Billy Lynn’s Long Halftime Walk defends brotherly love.

"American heroism has a new face today," is the opening line of Ang Lee's extraordinary Billy Lynn's Long Halftime Walk. This Army solider (played by Joe Alwyn) isn't just another bright-eyed 19-year-old. As an Iraq War vet who returns home to Texas to participate in a Support-the-Troops tribute, Billy's pain-filled eyes intensify his youthful handsomeness. You see both loss and hope in Alwyn's face--a beautifully emotive performance that has been unfairly castigated by insensitive reviewers. Yet, the discerning film critic John Demetry (author of The Community of Desire: Selected Critical Writing) pointed out a fascinating resemblance between Alwyn's Billy and Brandon Teena, the gender-identity martyr whose life was memorialized in the film Boys Don't Cry. Bingo!

Lee searches Billy's face for signs of feeling--love, patriotism, regret, mourning and, again, love--that are familiar to all. This achievement reflects the sexual sophistication implied in Lee's previous films--from the gay rom-com The Wedding Banquet and the tragic Brokeback Mountain to the sexual ambiguity of Lust, Caution and Taking Woodstock. There are films with openly gay stances (Mysterious Skin, Beginners, Blue is the Warmest Color, The Imitation Game, Carol) that lack Lee's unifying sympathy.
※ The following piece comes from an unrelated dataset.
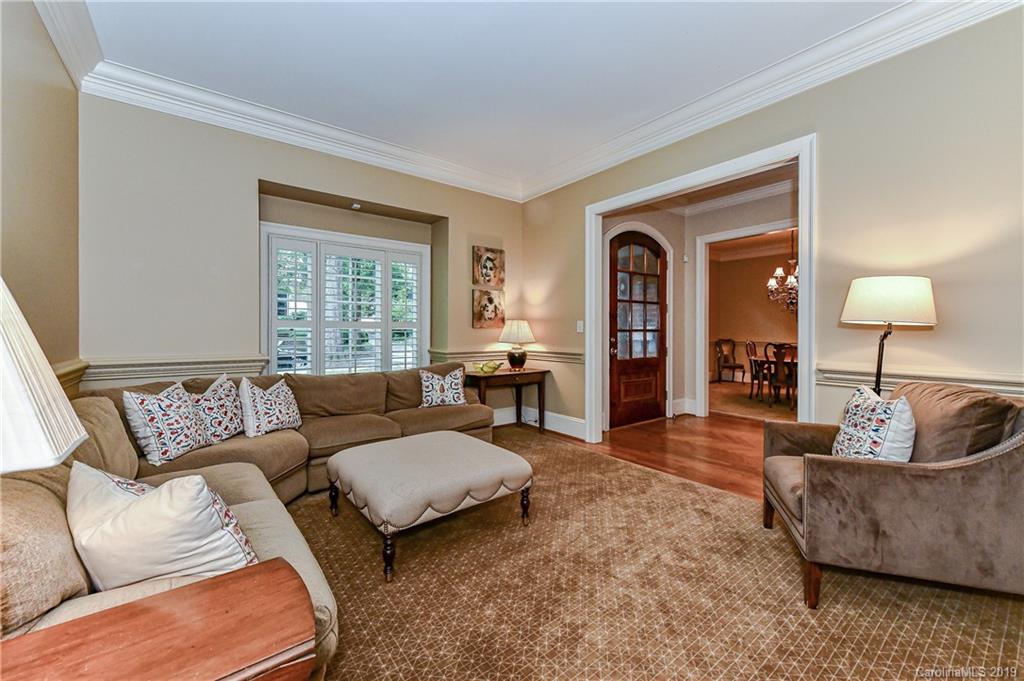 1636 Sterling Road Charlotte NC 28209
Take the title Billy Lynn's Long Halftime Walk; set in 2004, it refers to the arduous trek toward self-knowledge and the compassion of shared experience that defines community, especially in the years since the Persian Gulf and Iraq Wars, plus the Don't Ask Don't Tell military policy and the release of Boys Don't Cry that happened in between the wars and brought gender issues to the mainstream. All that political and cultural turmoil--which has divided Americans--is the focus of Lee's drama. He responds to that division so as to heal it and unify gay, straight, transgender Americans through the pain, experience, and conviction in Billy's eyes.

When the actress Hillary Swank (who portrayed Brandon Teena) is discussed by Billy and the remainder of his squad accompanying him to Dallas, it initiates cross-gender empathy that was the ultimate point of Boys Don't Cry--it becomes part of the wide embrace that makes Billy Lynn's Long Halftime Walk an all-accepting, All-American vision.

Lee observes the new face of American heroism primarily through Billy's soldierly camaraderie. This boy-focused perspective is shown as romantic (when Billy meets the Dallas Cowboy cheerleader played by Makenzie Leigh); familial (when Billy's sister played by Kristin Stewart begs him to desert); platonic (when Billy recalls his late Sergeant played by Vin Diesel); and patriotic (Billy's connection to his multiracial squad, particularly Garret Hedlund's commanding officer). Romance, family, friend, and masculine ideals are made interchangeable. That's how rich the movie gets.

Is its gayest scene the one in which the squad puts a hurt a on snarky homophobic football hooligan? Or is it Billy doing chin-ups while confessing to the sergeant and commanding officer about the personal duty that brought him into the Armed Forces? Or is it the remarkable tribute-extravaganza in which Beyonce and Destiny's Child perform their bootylicious act, taunting the sexually-anxious troops, gyrating right by Billy yet indifferent to him--a meaningful depiction of the diva's relation to her fans?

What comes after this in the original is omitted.